The network-based organizational structure sees organizations making heavy use of outsourcing and IT services to achieve their goals. Network-based organizations also tend to use volunteer labor in an effort to keep costs down and make the organization as streamlined as possible. Using a network-based structure for your business can help you to create an agile and flexible company that is able to respond well to changes in the economy or marketplace.
The goal of the network-based organizational structure is to maintain a small and efficient company that has good relationships with a wide range of suppliers and service providers, rather than a huge corporation that owns and runs every aspect of its production and distribution. For example, a clothing company using the networking structure might only consist of office and sales staff, with the actual manufacture and shipping of its products outsourced to specialist third-party companies.
Outsourcing is usually cheaper than establishing a whole new business unit, as it does not entail any of the initial startup costs that, say, building a factory of your own would. Potential outsourcing partners will usually be in competition with other companies for your business, helping to drive costs down. Network-based organizations tend to make heavy use of free or inexpensive IT communication systems such as email and instant messaging. In addition, use of volunteer labor helps to reduce wage bills.

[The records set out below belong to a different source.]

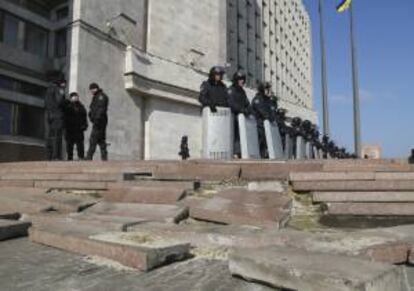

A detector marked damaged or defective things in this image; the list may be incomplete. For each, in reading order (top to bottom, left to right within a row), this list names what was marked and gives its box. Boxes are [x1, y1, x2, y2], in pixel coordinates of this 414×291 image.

broken concrete slab [102, 187, 187, 205]
broken concrete slab [85, 203, 188, 224]
broken concrete slab [189, 197, 290, 229]
broken concrete slab [0, 220, 30, 241]
broken concrete slab [28, 227, 189, 272]
broken concrete slab [228, 248, 402, 291] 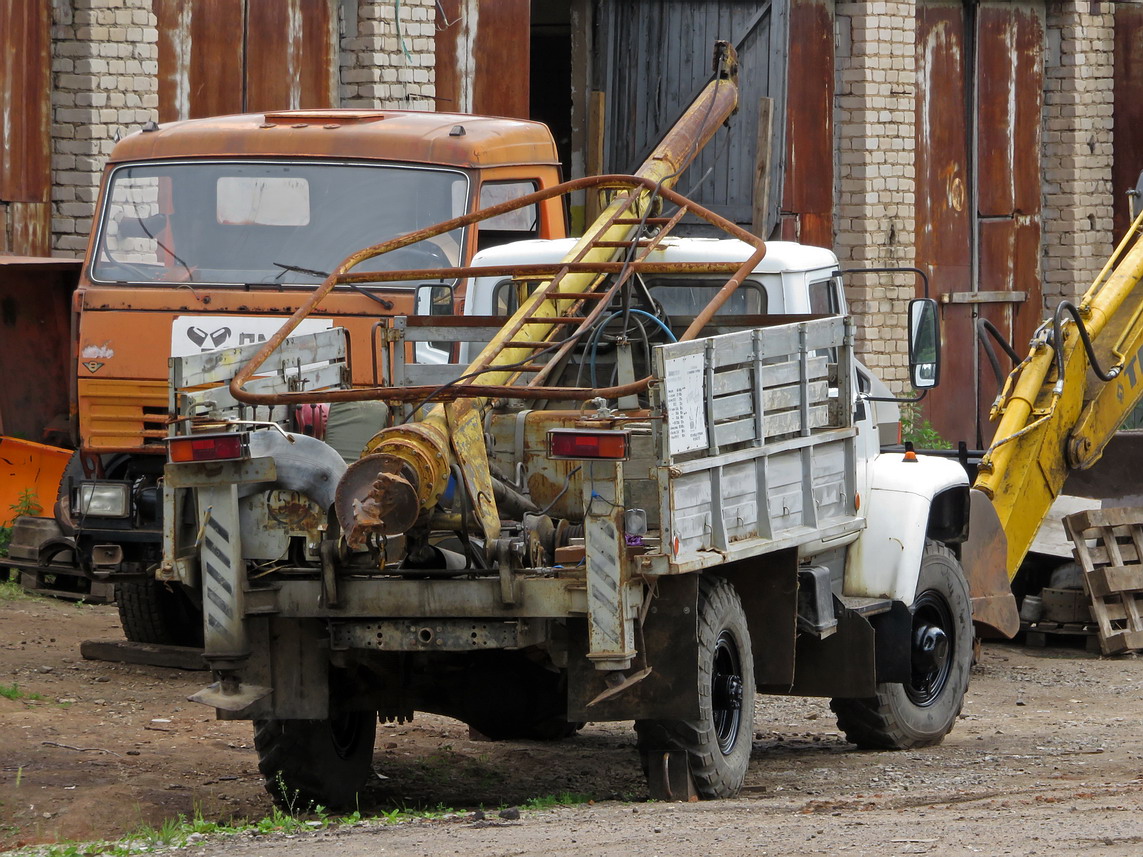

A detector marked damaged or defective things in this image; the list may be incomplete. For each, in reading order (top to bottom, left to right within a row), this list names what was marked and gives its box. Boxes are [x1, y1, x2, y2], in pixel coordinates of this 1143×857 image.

rusty metal gate [0, 1, 52, 256]
rusty metal gate [155, 0, 336, 122]
rusty metal gate [596, 0, 792, 237]
rusty metal gate [912, 3, 1048, 448]
rusty orange truck [3, 107, 568, 640] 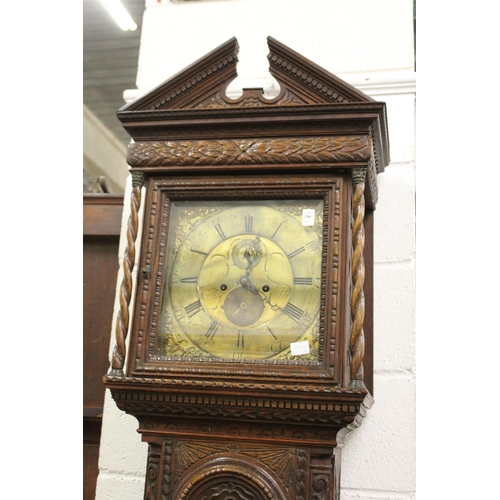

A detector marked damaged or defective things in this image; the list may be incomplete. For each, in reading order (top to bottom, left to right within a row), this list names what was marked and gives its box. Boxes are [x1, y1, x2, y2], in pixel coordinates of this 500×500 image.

broken pediment [122, 36, 376, 112]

A network-based structure allows organizations to be flexible, maintaining the ability to change their products and company direction quickly if necessary. For example, a clothing company that ran its own production would need to either modify its existing factories or build new ones if it wanted to branch out into, say, jewelry. With a network-based structure, the company would be able to quickly outsource jewelry production to an existing jewelry manufacturing firm, allowing it to get its product on the shelves far quickly than would otherwise be the case.

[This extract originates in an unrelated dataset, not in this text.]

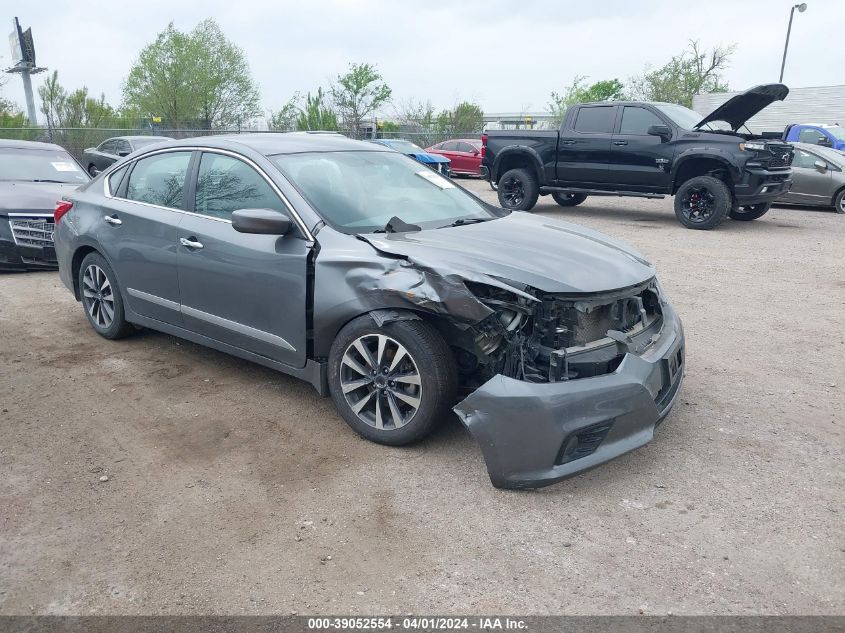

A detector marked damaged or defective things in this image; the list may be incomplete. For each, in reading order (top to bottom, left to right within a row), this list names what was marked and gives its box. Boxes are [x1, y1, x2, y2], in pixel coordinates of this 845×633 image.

Using external services and suppliers allows network-based organizations to draw on the expertise in their fields that those suppliers already have. For example, an established logistics company will likely already know how to ship large quantities of goods in a timely and efficient manner. By contrast, setting up a new logistics department in an existing company would require people with the right expertise to be either trained or hired, a process which would consume both time and money that could be spent elsewhere.